## Task item
Repeat, exactly and in full, the lines of the listing below, but without any pictures.

## Data block
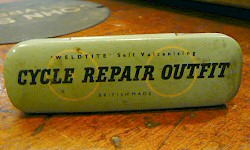 Weldtite puncture repair outfit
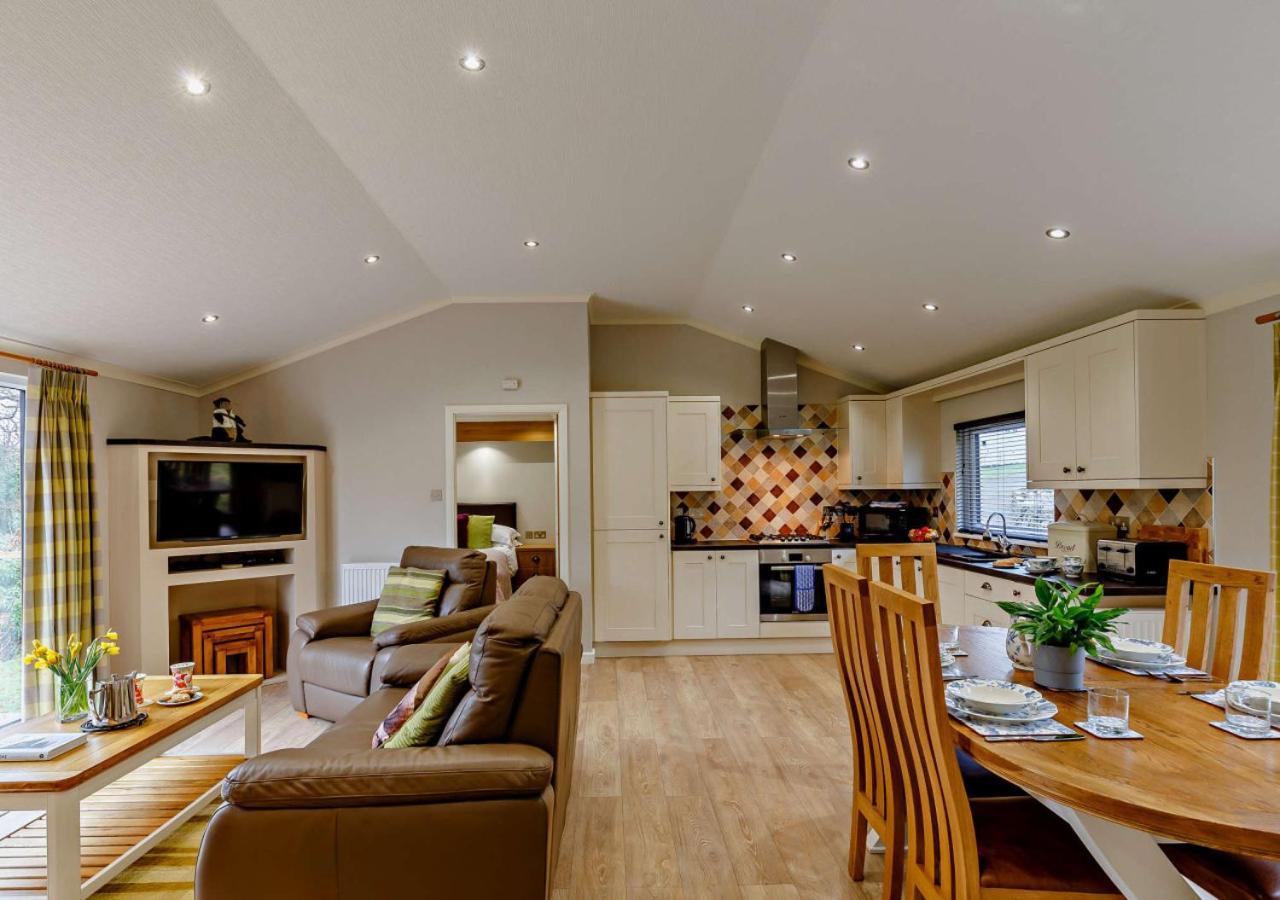River Lodge - Cornwall Cardinham Bagian luar foto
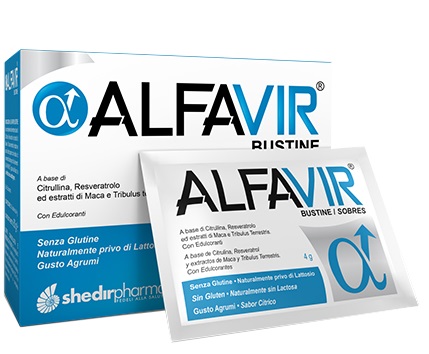 ALFAVIR 20 BUSTINE - Farmasanitas 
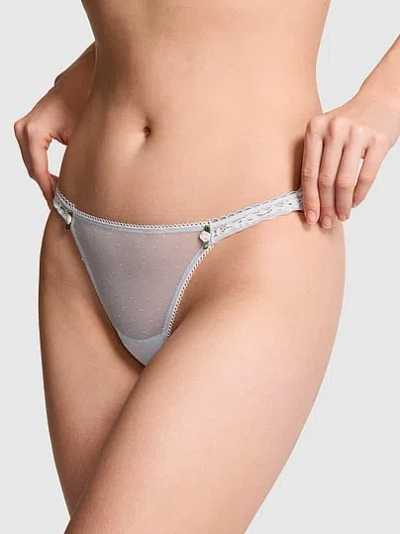 Pink Wink™ V-string Panty In Blue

## Problem solution
 Weldtite puncture repair outfit
River Lodge - Cornwall Cardinham Bagian luar foto
 ALFAVIR 20 BUSTINE - Farmasanitas 
 Pink Wink™ V-string Panty In Blue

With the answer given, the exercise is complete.